How to: Become a World Class Christian

Jonah 3:1-4:4

INTRODUCTION: We are all probably more like Jonah than we want to admit. When God calls us to do something we don’t especially want to do, we make an excuse or we try to keep God at a comfortable distance by becoming indifferent to his nudges, by packing our lives up to the brim with “acceptable” busyness, by going in the opposite direction entirely, or by disassociating ourselves from people who “remind us” about God.

Jonah was a prophet. He was supposed to go preach the gospel to people, but when Jonah got this message from God, he said, “No Way. Not to these people. They don’t deserve it.”

Just who were the people of Nineveh? Why did he feel this way?

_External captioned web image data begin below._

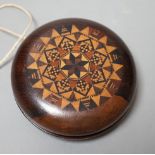 A Tunbridge ware rosewood and half square mosaic yo-yo, c.1830-50, 8cm diameter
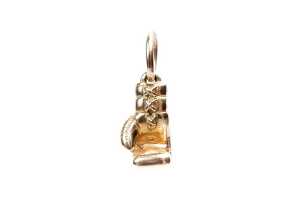 A solid boxing glove pendant in 9 carat yellow gold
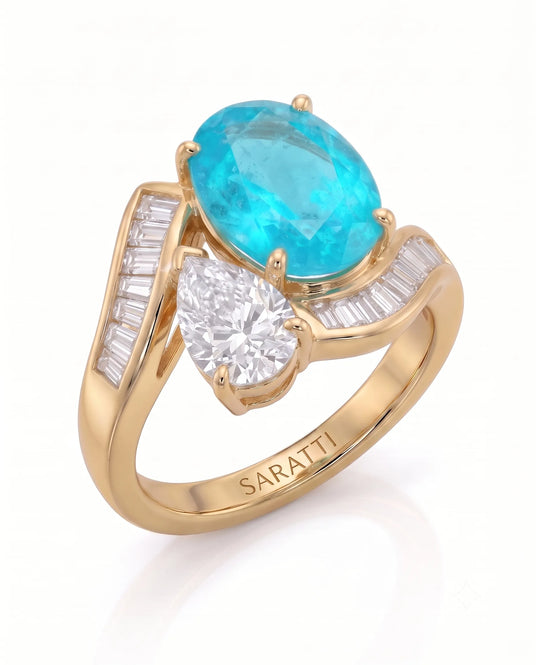 Yellow gold view of Élan Céleste Oval Paraiba Tourmaline and pear diamond Toi et Moi setting | SARATTI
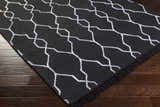 Close-up of the Hawthorne Indoor & Outdoor Rug. Black rug with a white geometric trellis pattern and fringe. Corner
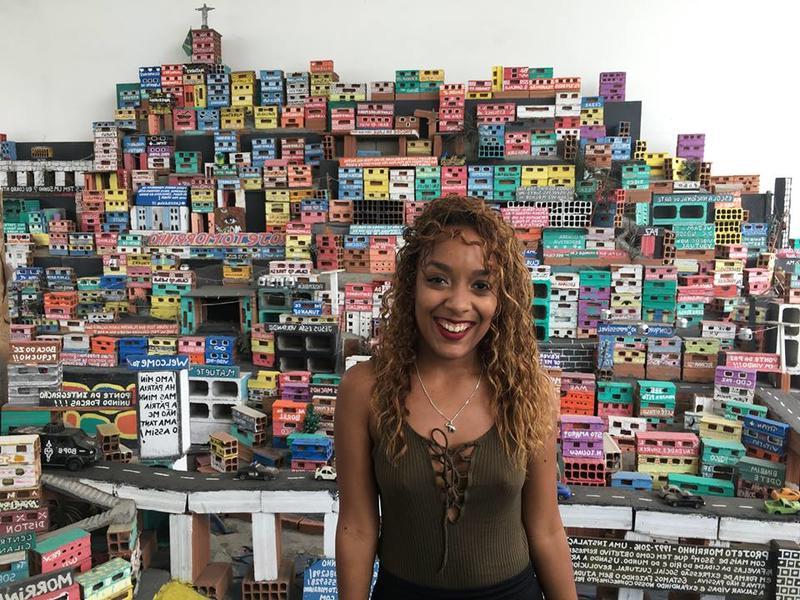 Brown-skinned woman in Rio with colorful models of buildings behind her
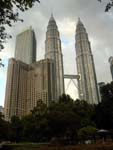 the imposing presence of the Petronas Twin Towers as viewed from KLCC Park
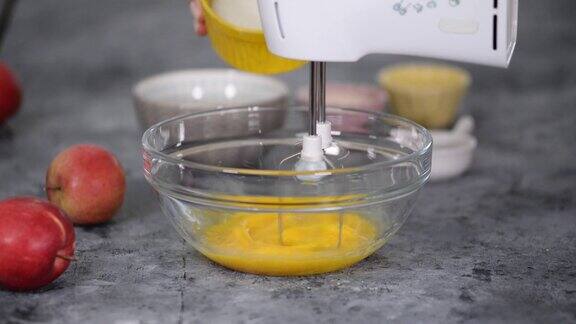 厨师将生鸡蛋和糖放在一个碗里用搅拌机搅拌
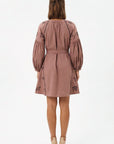 Back view of the Fanm Mon Hayal Dress featuring equestrian-inspired embroidery, voluminous sleeves, and a self-tie waist belt.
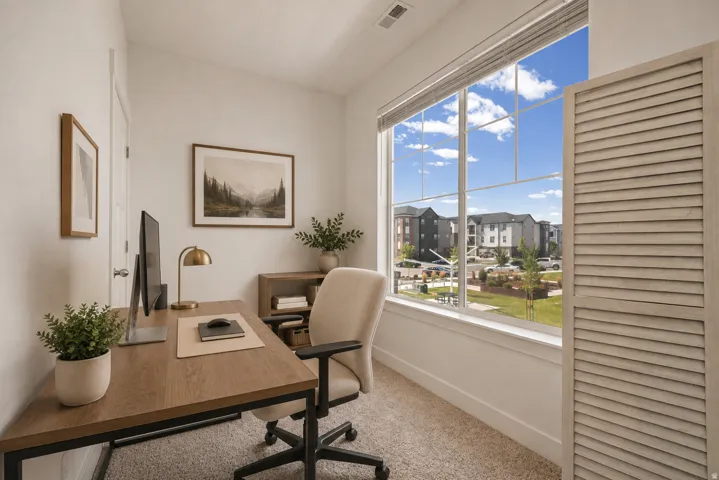 Expansive window with white trim, wood-finish desk with black metal frame, and light-colored carpet flooring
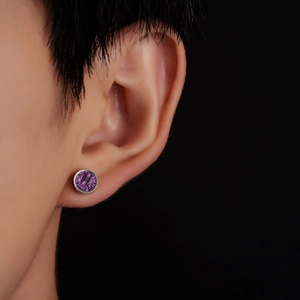 Macro view of round silver stainless steel stud earring with purple glitter texture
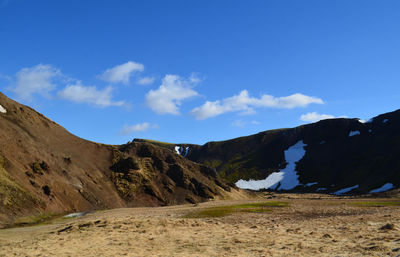 Spring thaw around a valley with snow melting on surrounding mountains.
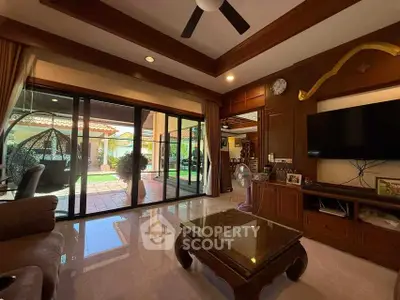 Spacious living room with garden view and modern decor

Nineveh was the capital of Assyria. There were 120,000 people there. The Assyrians were evil, wicked people who were Israel’s most dreaded enemy. They threatened Israel and eventually conquered it in 722 B. C. The Israelites had many reasons to hate the proud Ninevites. The Assyrians flaunted their power before God and the world. They were known for their heartless cruelty. Israel lived in fear of these terrorists for years. Jonah hated the Assyrians and wanted vengeance, not mercy. When Jonah heard God tell him to go to pronounce judgment upon them within 40 days if they didn’t repent, he headed out of town immediately--but went in the opposite direction. He headed for Tarshish 2000 miles away. If he wasn’t available, how could he do the assignment? What would you have done? Would you have excused yourself and then justified it by saying, “they didn’t deserve it anyway.”

Jonah knew that God had this special project for him, but he just didn’t want to do it. What is your attitude toward those who are especially wicked? Do you want them destroyed? What about the people we have been hearing about on the news for the last few months? Do we consider them outside the sphere of God’s grace?

When Jonah got back from his unsuccessful trip toward Tarshish, God gave him a second chance. Sometimes God gives us a lot more chances than that. God was not ready to write the Ninevites off just yet.

STORY: A man hated his wife’s cat and he decided to get rid of it. He drove 20 blocks away from home and dropped the cat off. The cat was already walking up the driveway when he got back home.

The next day he decided to drop the cat 40 blocks away but the same thing happened. He kept on increasing the number of blocks but the cat kept on coming home before him.

At last he decided to drive a few miles away, turn right, then left, past the bridge, then right again and another right until he reached what he thought was a perfect stop and dropped the cat off there.

Hours later the man called his wife at home and asked her, “Jen is the cat there?”

“Yes, why do you ask?”

Frustrated, the man said, “Put that cat on the phone. I’m lost and I need directions.”(source unknown)

Jonah didn’t need any directions. He knew exactly how to get to Nineveh--he just didn’t want to go--what he needed was the willingness of heart to just go and do it.

Jonah had become completely indifferent to the fate of God’s creation outside of Israel. Israel thought that they were better and yet they refused to obey the Lord. The Jews didn’t want to share God’s message with the Gentiles. Jonah thought that God shouldn’t freely give salvation to such wicked people. This attitude has been common within the church. Are we like this? Most of the time we would quickly say, “No way. I love everyone,” but just when we say that, God gives us a test--he brings some person across our pathway and we find out how loving and kind we really are. The God of Israel was the God of the whole world.

1. Jonah Went Reluctantly: We are like this a lot of times. “OK, Lord, I’ll do it, but I sure don’t want to.” Jonah did not go to these people wholeheartedly and enthusiastically. On the first day Jonah proclaimed his message. “Forty more days is all you have and Nineveh will be destroyed.” Jonah was not proclaiming the Lord to hose that didn’t know Him. There was no indication that Jonah made any effort to reach the royal presence. This was probably because he didn’t want anyone in authority to make a decree that would cause the people to repent. The king heard about it after awhile. (vs.6). “When the news reached the king of Nineveh, he rose from his throne, took off his royal robes, covered himself with sackcloth and sat down in the dust. Then he issued a proclamation in Nineveh. The decree said “...let them give up their evil ways and their violence. Who knows? God may yet relent and with compassion turn from his fierce anger so that we will not perish” (vs. 8) “When God saw what they did and how they turned from their evil ways, he had compassion and did not bring upon them the destruction he had threatened” (v. 10).